One last question on this 1st party food safety audit. Is there a set number of questions you ask or areas you inspect? Is there a standard template for this inspection?
You want the 1st party inspection to cover all areas of your facility – so it is pretty detailed. On average, it should take a few hours every month (depending on the size of your facility). You can find some online templates to use for this inspection but you will get better results if you add in questions that are specific for your process or facility.
Let’s move on to 2nd party audits – I can guess perhaps who these might be for, but lay these out for our readers.

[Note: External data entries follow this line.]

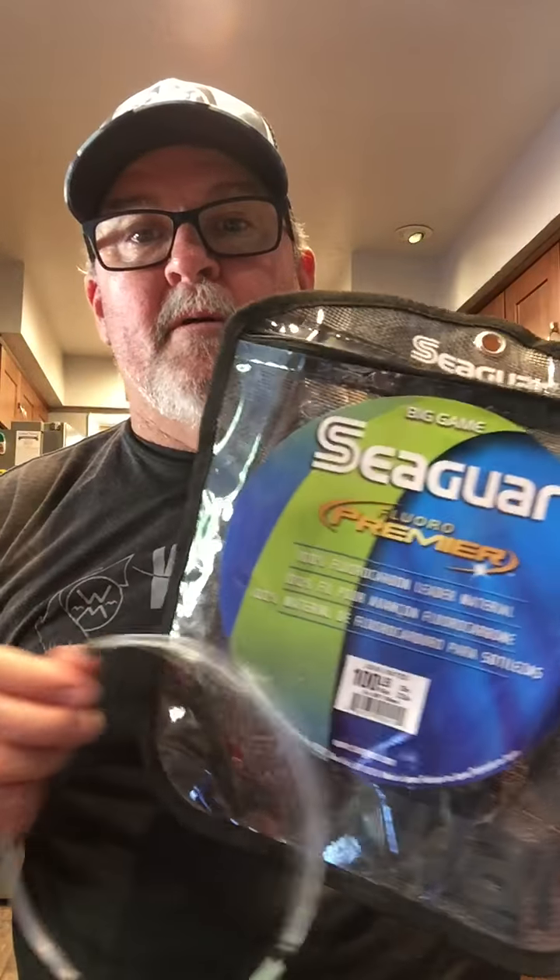I'm going to get it part way up there to get started, then take my Seaguar fluorocarbon — this is actually 100-pound leader because we're going to be doing some marlin fishing. This leader is about 14 feet long, just the last of the spool. The nice thing is you can make a 20-foot leader, you can make whatever length you want with a wind-on leader.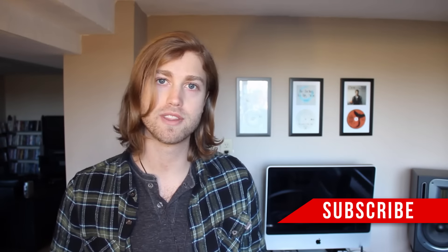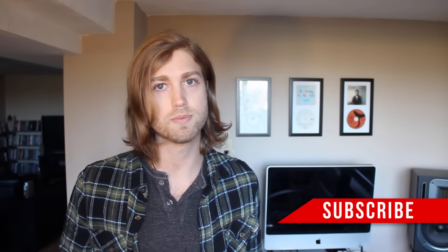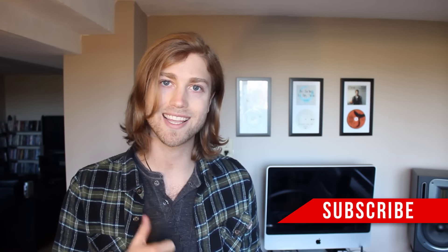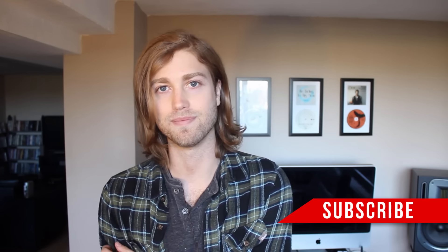Anyway guys, that's it for this video. Thanks for watching. I hope you guys learned something. If you have any more questions, please post them in the comments below. Remember to give this video a like and subscribe if you haven't already. Thanks again guys, I'll see you next time. Bye.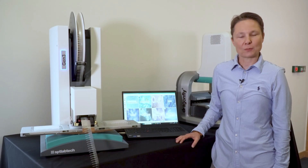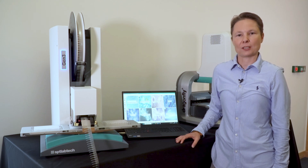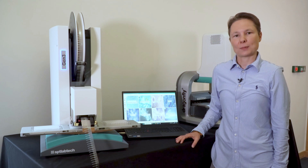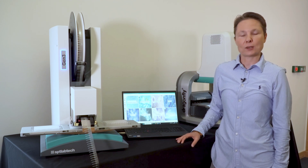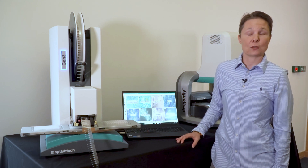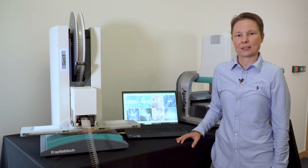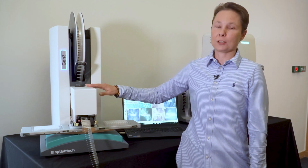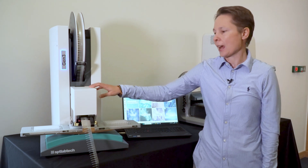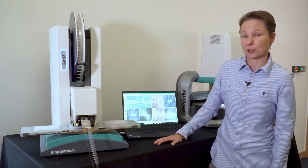Mosquito GenFree delivers accurate and precise multi-channel pipetting from 500 nL up to 5 µL. Unlike traditional air displacement systems, the Mosquito True Positive Displacement Technology maintains volumetric accuracy across a wide range of reagent viscosities and laboratory conditions without the need to tweak liquid settings. The tips come in the form of a spool with individual pipets loaded into the head. They are automatically changed and moved into the waste bin once used, to minimize the risk of contamination of your samples, reactions, and work area.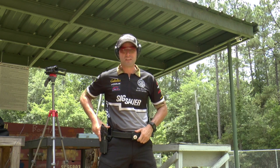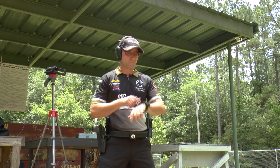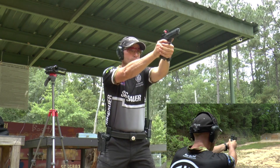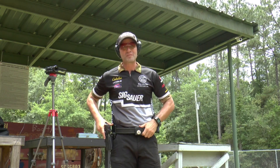Here we go guys, we have a target placed at 50 yards. Let's see if we can get it done in less than a second with the PDR Pro 2. Yeah, .96 seconds — 50 yards downrange with the PDR Pro 2 from Double Up.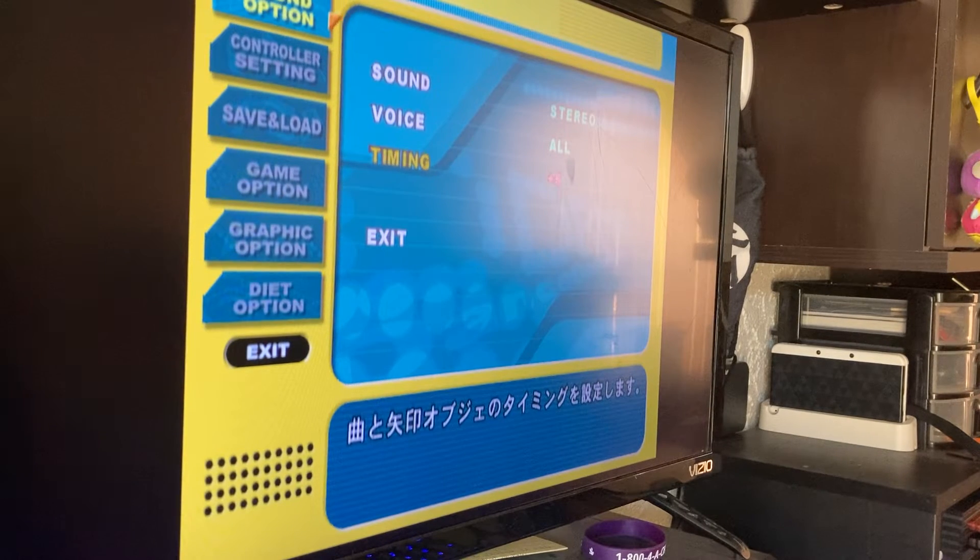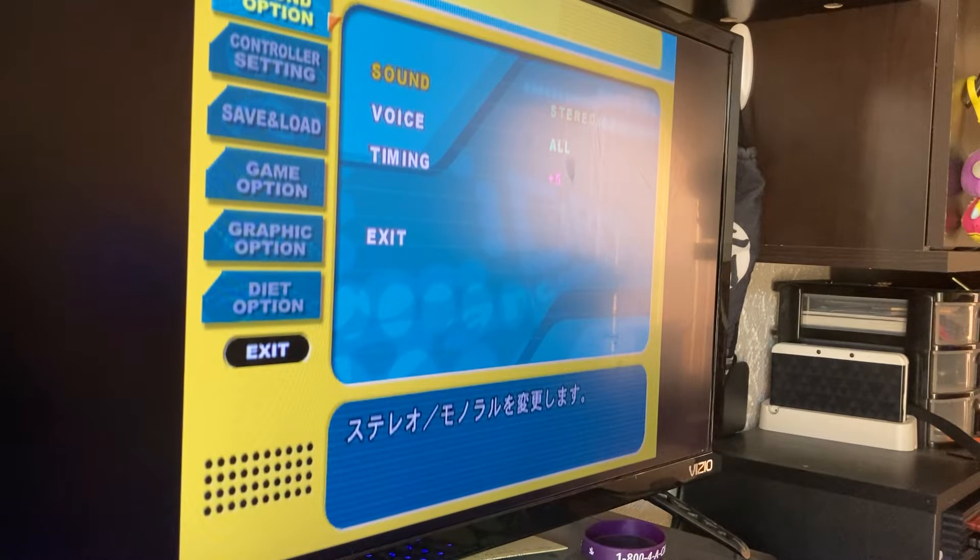I've been sitting here for a while trying to figure out how to get these old DDR games on PS2 to sync up with modern LED and LCD TVs. It turns out that what's plus and minus on StepMania is the opposite here. So to bring the arrows earlier — because you've got a bunch of lag and everything's late — you actually want to go plus. My global offset on StepMania is around negative 0.8, so I'm assuming this is somewhere close to that.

This is a special audit (often a proprietary audit) that is normally conducted by a customer of yours. Many grocery store chains or restaurant chains have these special audits that people from their office can conduct at your facility.
How often do these 2nd party food safety audits occur? How long do these audits take?
It really varies for each customer. Some like to “visit and inspect” once a year while others are fine with an every 3-year visit. These 2nd party audits can take 1 to 3 days to complete. There are situations where a customer can tell a food production or storage company that a 3rd party audit with a short customer-specific addendum is accepted; and then in those situations, there is no need for a 2nd party audit. This is a benefit for a company that is already completing a 3rd party audit because it can just have the short addendum added and it saves from having another added audit.
Finally, we are at the 3rd party food safety audits. Are we audited out yet? Tell us about those.
A 3rd party audit is conducted by an independent organization not associated with the company or customer. This audit aims to provide an objective assessment of an organization’s food safety system.
Are there different 3rd party food safety audits?
Yes. There are certified and non-certified audits. A certified audit is conducted by an independent organization that is required to undergo its own system of audits and checks and balances to make sure that proper auditing procedures are followed and the person conducting the audit is a subject matter expert in that type/category of food production. A certified audit has a rigorous process for review and an agreed-upon standard set of questions. Non-certified audits are conducted by an independent organization and the questions can vary. The person conducting the audit needs to be knowledgeable and trained in food production but may not be an expert in your type/category of food production.
How do you choose which food safety audit is right for your food manufacturing company?
Of the three types of audits, good food production facilities (or storage facilities) conduct a rigorous 1st party food safety audit each month. Companies seeking to expand its customer base want to have a 3rd party audit each month…with preference given for a certificated audit.
Can we talk with you again in the future about the types of certificated food safety audits?
I would be happy to share some more insights into the certificated audits. We hear about them all the time – SQF, BRC, FSSC 22000, IFS, Primus GFS and GAP, so let us pick up with that topic another day.
Thank you, Michael. It is always a pleasure working with you. Anything you wish to add?
Just a few final thoughts I would like to share. A food safety audit evaluates your food business operations to identify areas for improvement. The best companies continually seek guidance on how to improve. Good audits focus on these areas: food handling practices, food safety procedures, employee hygiene, food preparations, pest control, sanitation and cleaning, facility design, Waste management, Food safety management system, and Storage and transportation of food.